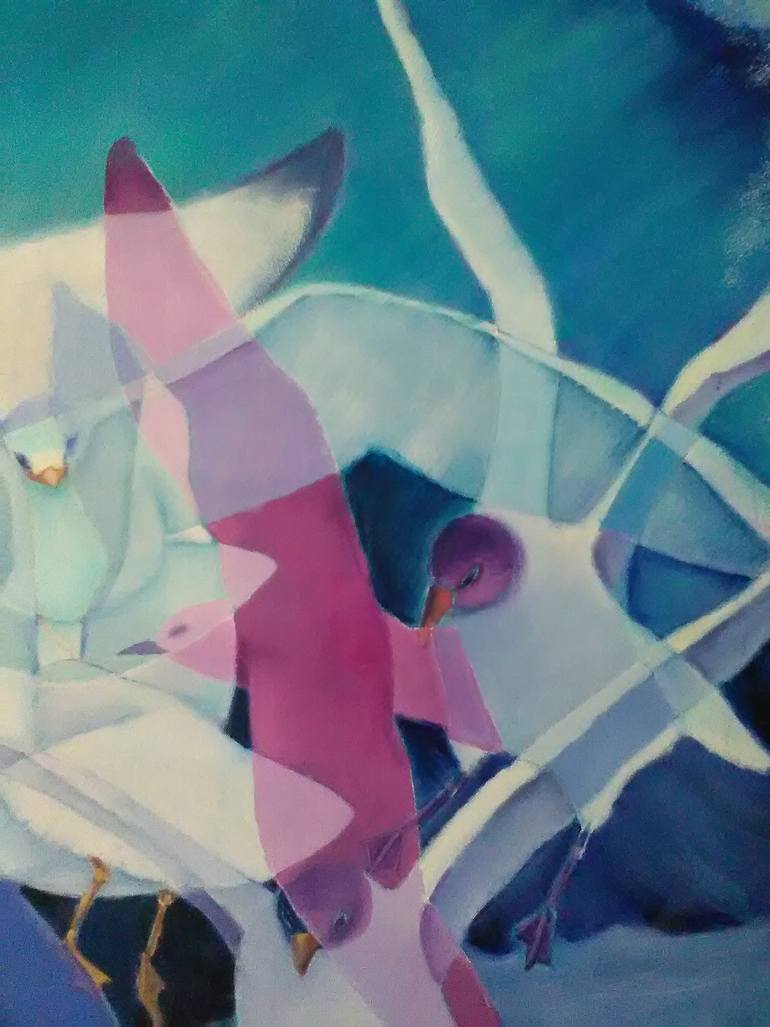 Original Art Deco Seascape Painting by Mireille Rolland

+---+

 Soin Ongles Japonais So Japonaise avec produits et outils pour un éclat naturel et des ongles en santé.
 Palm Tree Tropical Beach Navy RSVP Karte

+---+

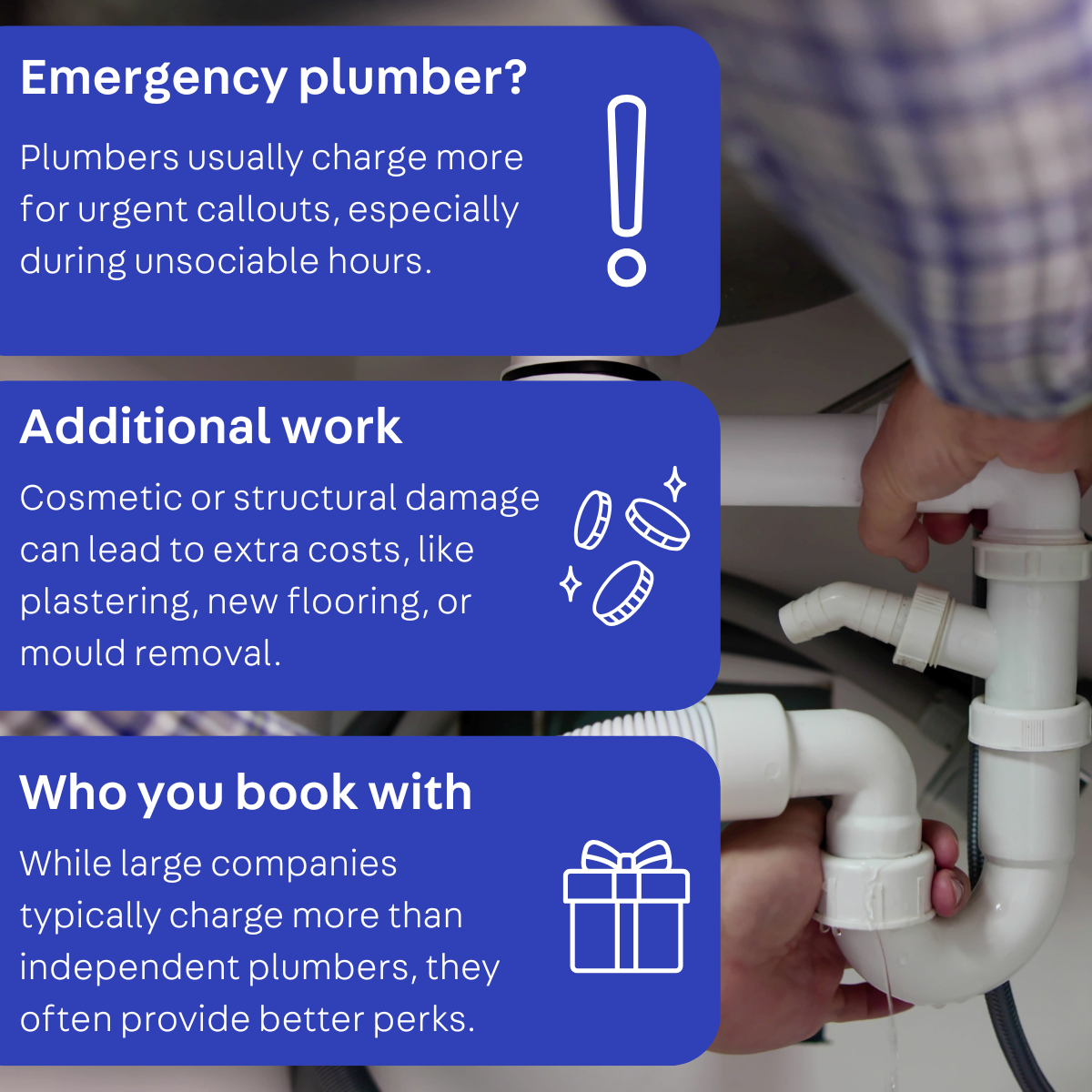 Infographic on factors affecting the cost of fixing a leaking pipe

+---+

Task instructions:
Lines wanted from the listing above: the line with "Soin Ongles Japonais" up to and including the line with "Palm Tree Tropical Beach Navy RSVP Karte". Please write them out exactly, adding nothing else.

Solution for this task:
 Soin Ongles Japonais So Japonaise avec produits et outils pour un éclat naturel et des ongles en santé.
 Palm Tree Tropical Beach Navy RSVP Karte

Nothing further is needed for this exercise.